Surprise!! I finally have a wireless modem for my laptop. Now I don't have any excuse for not updating my blog on a regular basis... hopefully ... maybe ... 'daily'? ... we will see.

Ha! I'm online!

I'm in West Memphis Arkansas, we just got our wireless modem working and sent our first picture to my students wife. Thanks to my daughter, everything worked good. We are on our way to North Carolina and then back to Las Vegas NV by next tuesday.

Here is my last blog from a week ago:


A beautiful day in Laredo Texas… 74 degrees… blue skies, March 9, 2005. There are a few reasons I really like Laredo in March. Mostly its because I remember Laredo in July… 95 degrees at midnight, 115 degrees the rest of the time. Today they tell me I have a load to Southern California.. Home.. I Like that. It seems I can always get a load to So Cal. That is more than I can say for a lot of the rest of the country.

This morning though, wasn’t destined to be referred to as a ‘good’ morning. I brought this load of metal castings here to be transferred to a Mexican driver who will take the load to some metal plant in Mexico. My company employs a broker to expedite the transfer process so I take my trailer to InterAmerican, a big warehouse with lots of docks along one wall.

The man in the guard shack asks me to open the trailer door so I open the right door and start to open the other door. “NO NO.. just one door” he growls at me, “now take this trailer and put it in dock #27.” (it seems strange to me to put a trailer in a dock with only one door open but whatever the man wants).

I drive down to the other end of the dock area and begin looking for dock #27. There are no numbers visible anywhere so I ask another driver whose truck and trailer are already in a dock. He says he didn’t know either and had to ask. They told him he is in #25 so I figure two docks down will be my dock. Before I can back into the dock a man pulls up in what we call a ‘Donkey’ (a small tractor used to move trailers around the yard). He yells at me to put my trailer in between two other trailers at the other end of the yard. As I start to move he yells at me again and gets out of his truck and walks toward the end of my trailer.

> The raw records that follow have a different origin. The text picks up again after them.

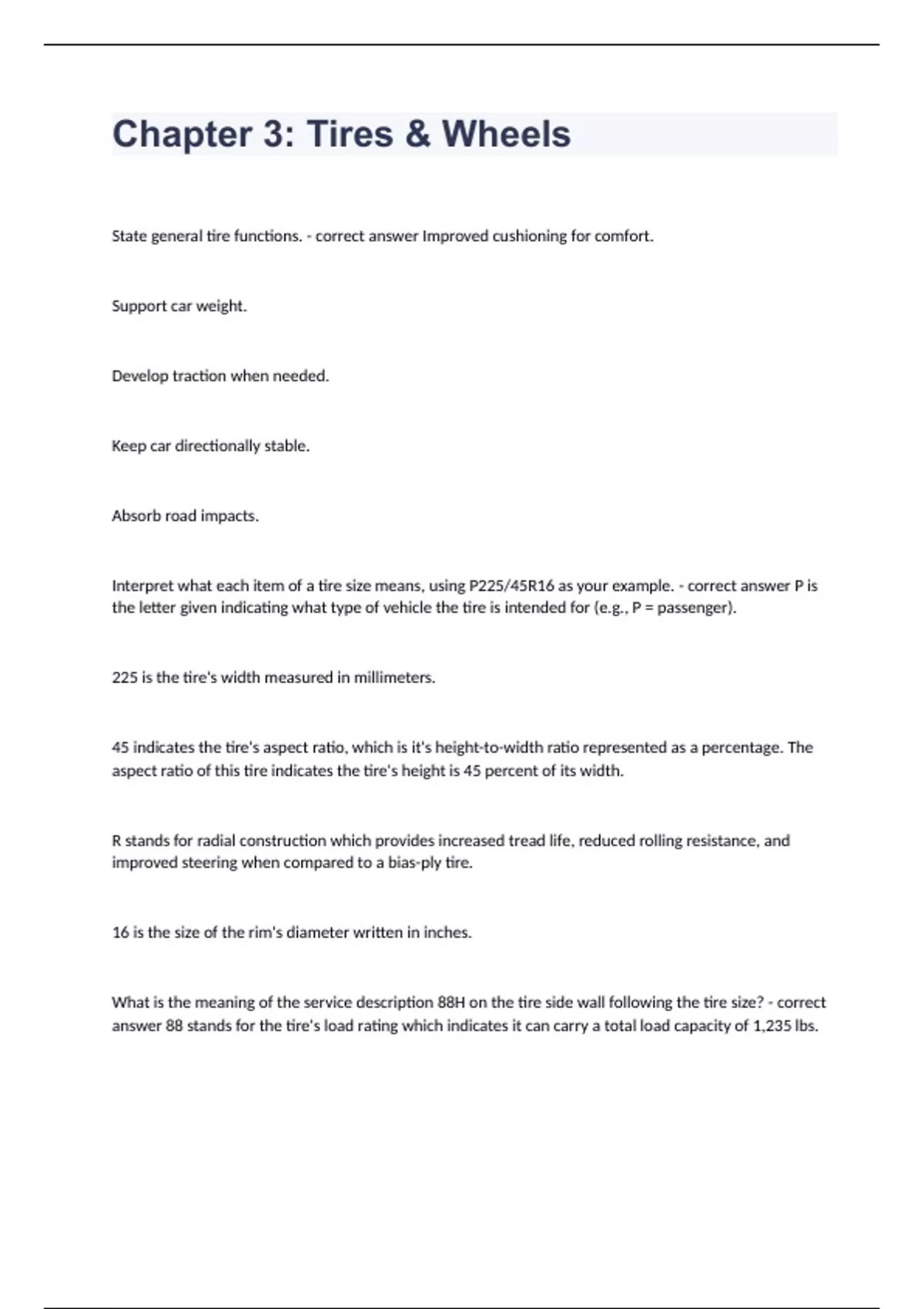 Chapter 3 Tires & Wheels Question and answers correct solved 2023/2024 ...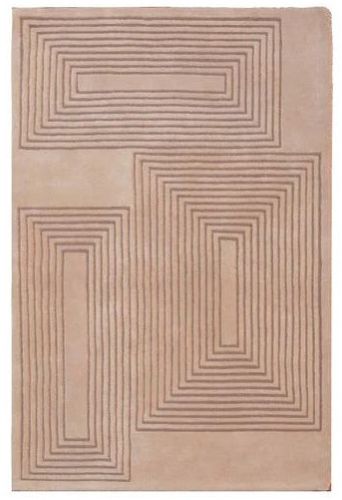 Beige Hand Tufted short Carpet Wool Rugs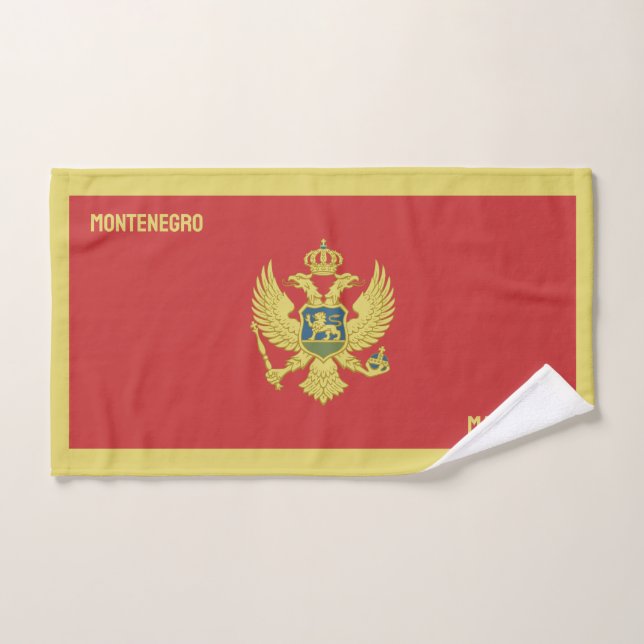 Nombre personalizado y Montenegro de texto (Toalla de mano)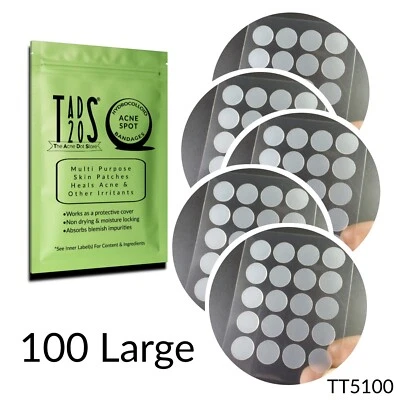 5pk, 100 Acne Dots [12mm LARGE] Hydrocolloid Pimple Patches, TEA TREE Acne Patch - Image 1 of 4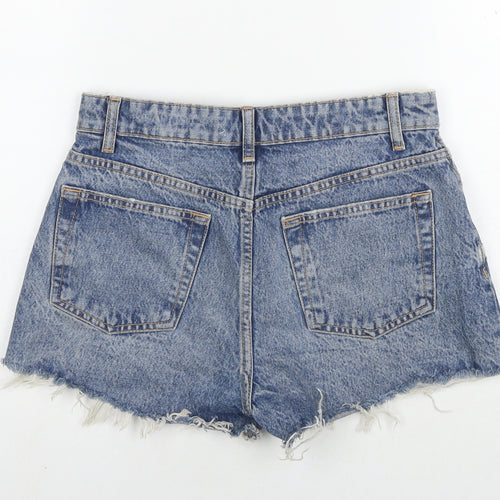 Zara Womens Blue Cotton Cut-Off Shorts Size 8 L3 in Regular Zip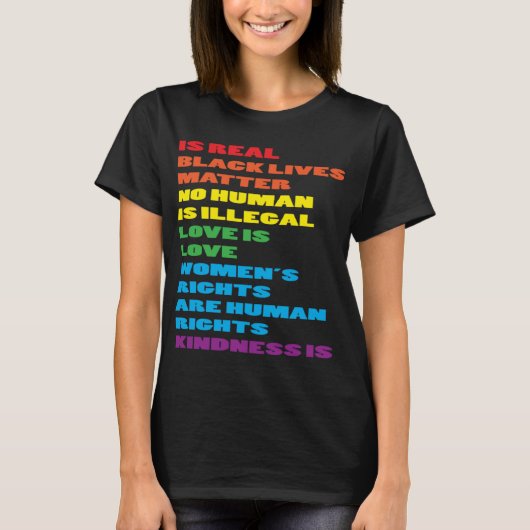 CSD LGBTQIAパレード受け入れ同盟国の旗の愛誇りを持った Tシャツ (正面)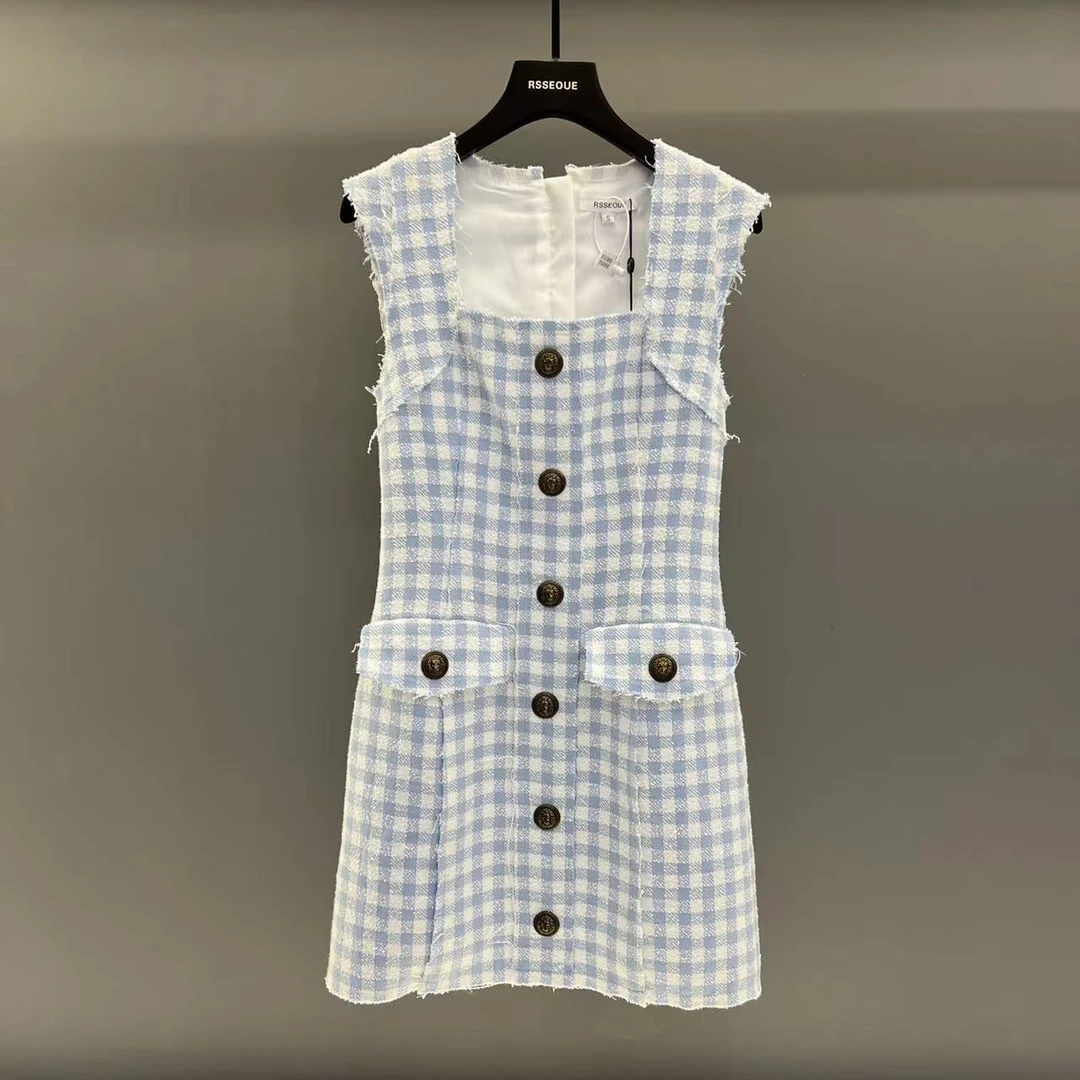 蓝色小香风方领撞色格子粗花呢子无袖连衣裙显白修身包臀短背心裙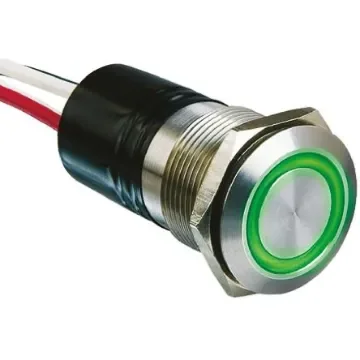 Bulgin MPI002 Series Illuminated Push Button Switch, Momentary, Panel Mount, 19.2mm Cutout, SPST, Green LED, 24V dc, - MPI002/FL/GN product image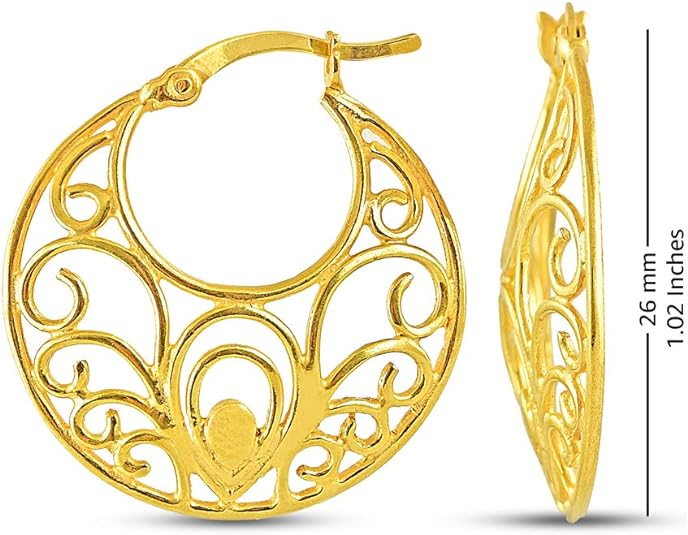 Charsy Sterling Silver Jewelry Filigree Cut Yellow Gold Earing for Women 26mm
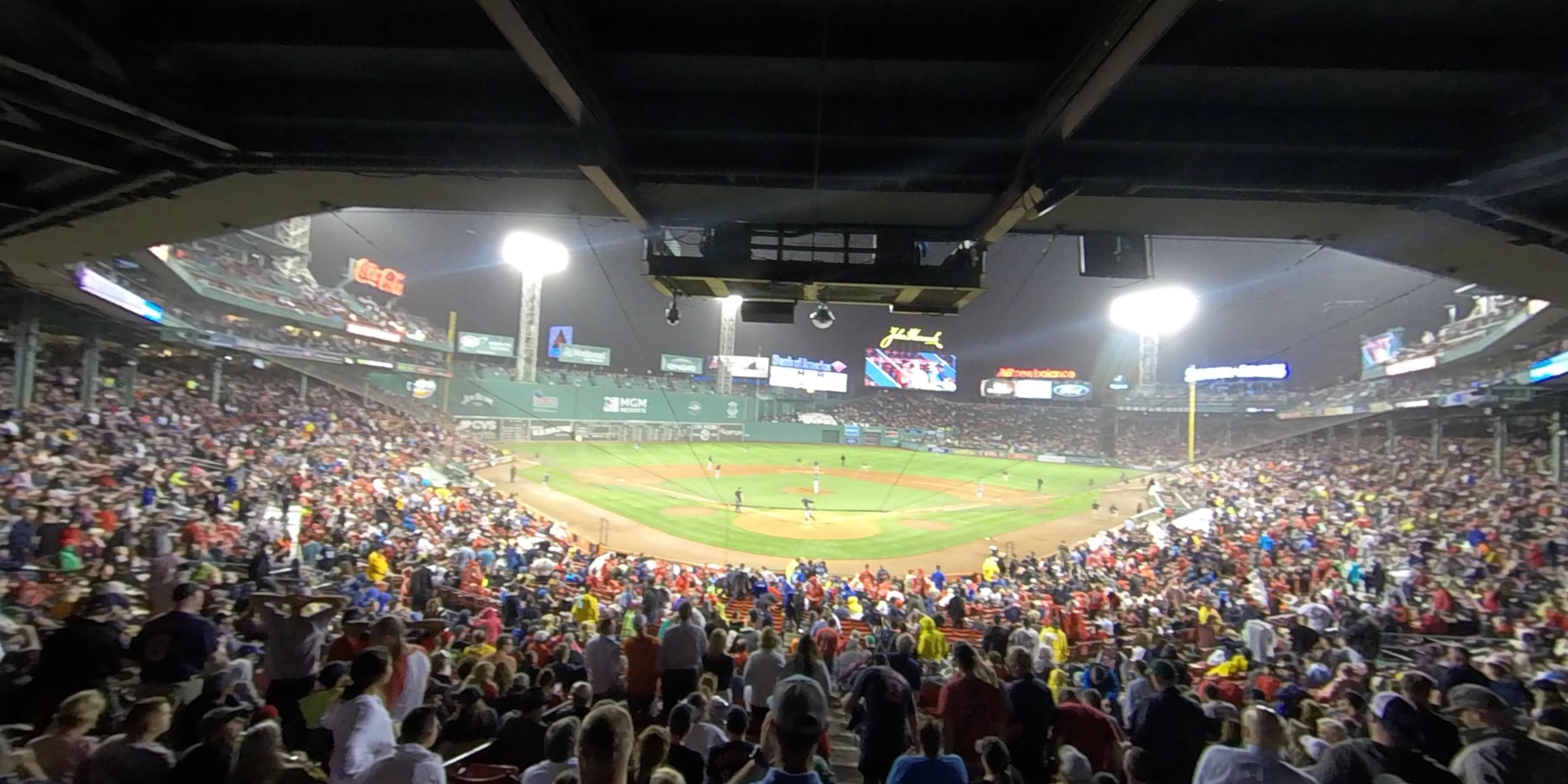 grandstand 20 panoramic seat view  for baseball - fenway park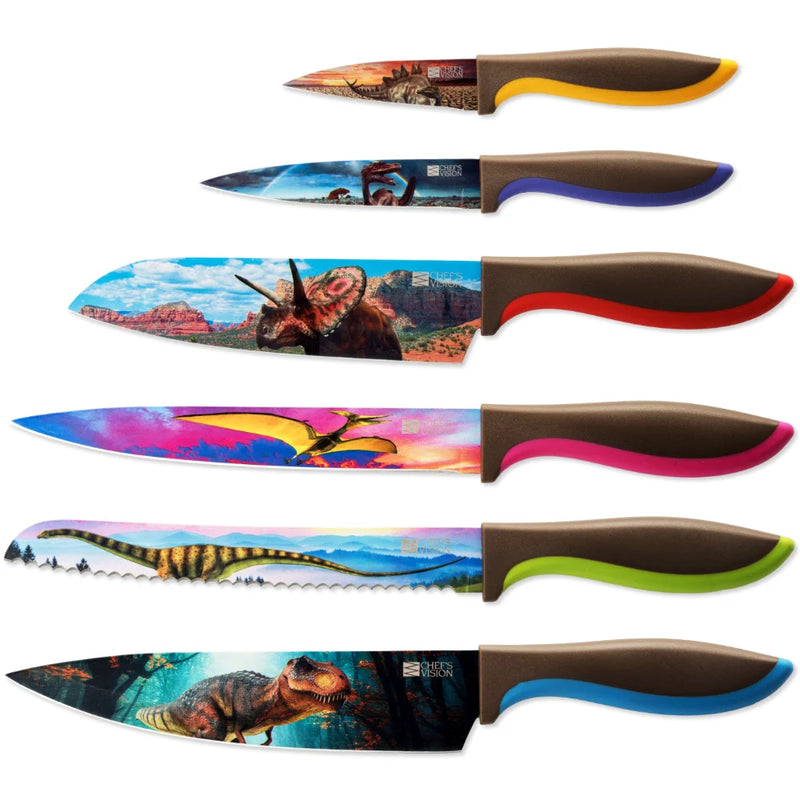 The Chef's Vision Jurassic Six-Piece Knife Set features stainless steel blades with colorful dinosaur scenes and ergonomic multicolored handles. These dishwasher-safe kitchen knives combine prehistoric style with modern convenience.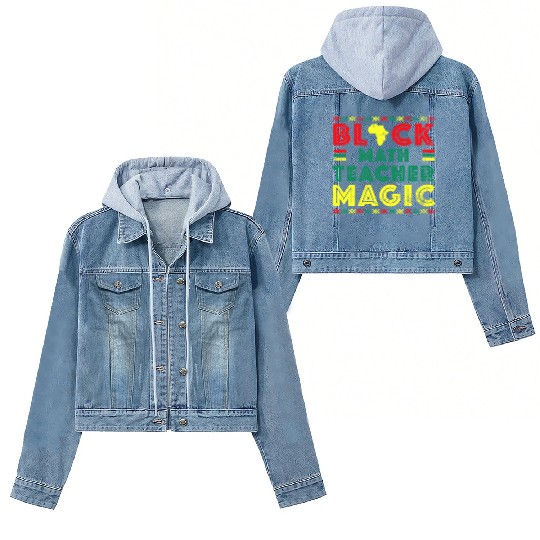 Black Math Teacher Black History Month Afro Women's Denim Jackets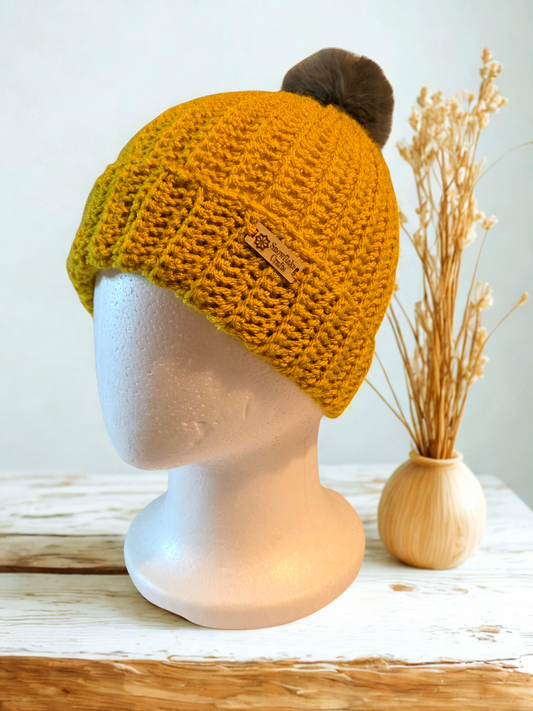 Mustard pompom beanie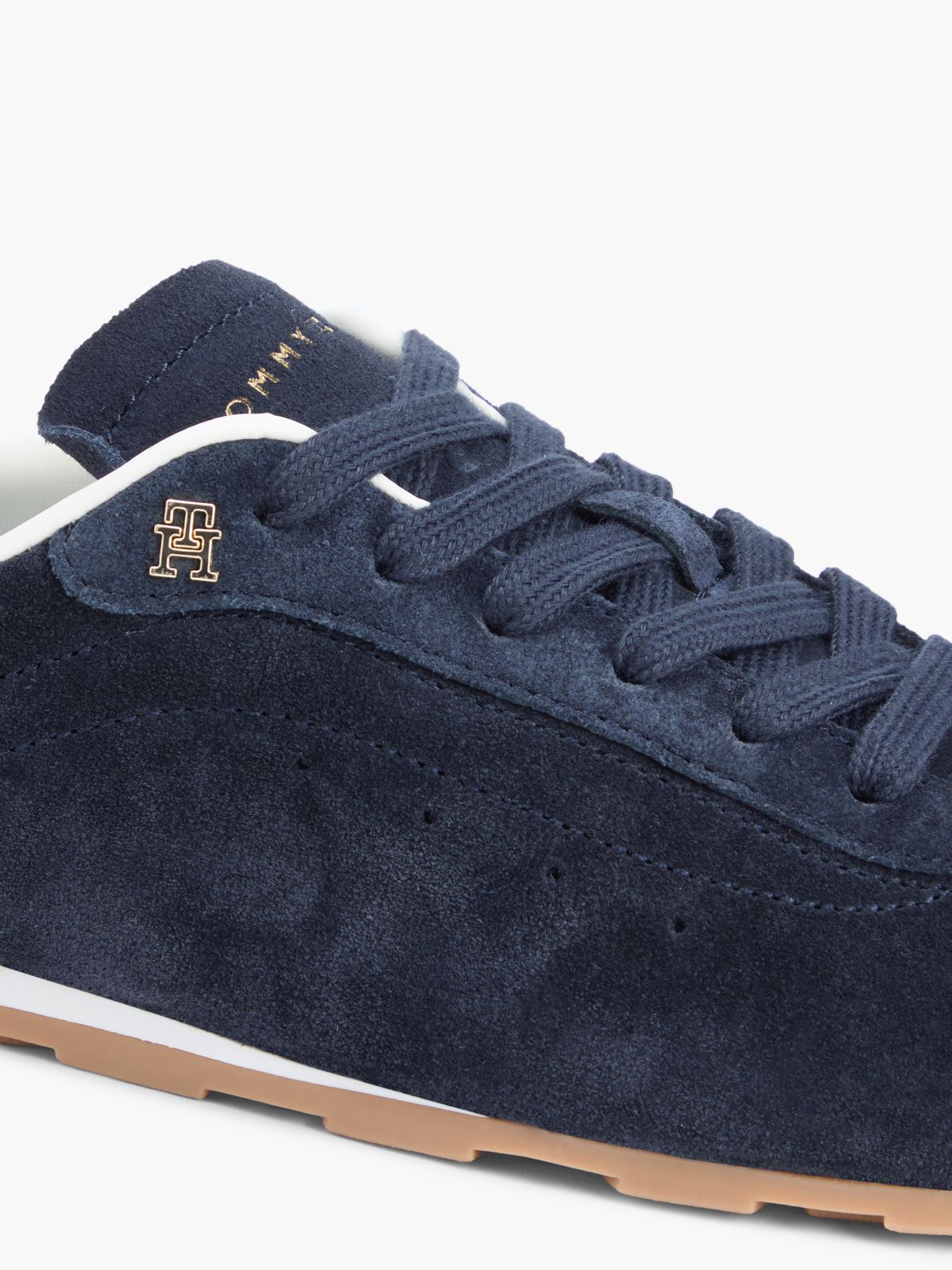TH Monogram Suede Low Profile Trainers — Blue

I stop and get out to see what he wants. He looks at me like I’m stupid and says “You have to open the other door!” I tell him the guard told me to only open one door. “No, you have to open both doors” OK.. make up your mind I mutter under my breath.

So I put my trailer in a dock which ends up being four docks from the end of the other end of the building. Still no numbers anywhere… I walk back to the Receiving office to turn in my paperwork and the first thing the clerk asks me is “What dock did you put your trailer in?” I tell him I have no idea what the number is, I just put the trailer where the ‘Donkey’ driver said to put it. So the clerk instructs a fork lift driver to drive his fork lift out to see where I put my trailer. He glares at me like I’m really wasting his time and he drives out and comes back to announce that my trailer is in dock #6. Obviously they use a numbering system way beyond my comprehension level. Maybe the heat does something to your brain.. I don’t know.

What I do know is I’m heading west now and I guess that’s enough to be thankful for being sent to Laredo Texas.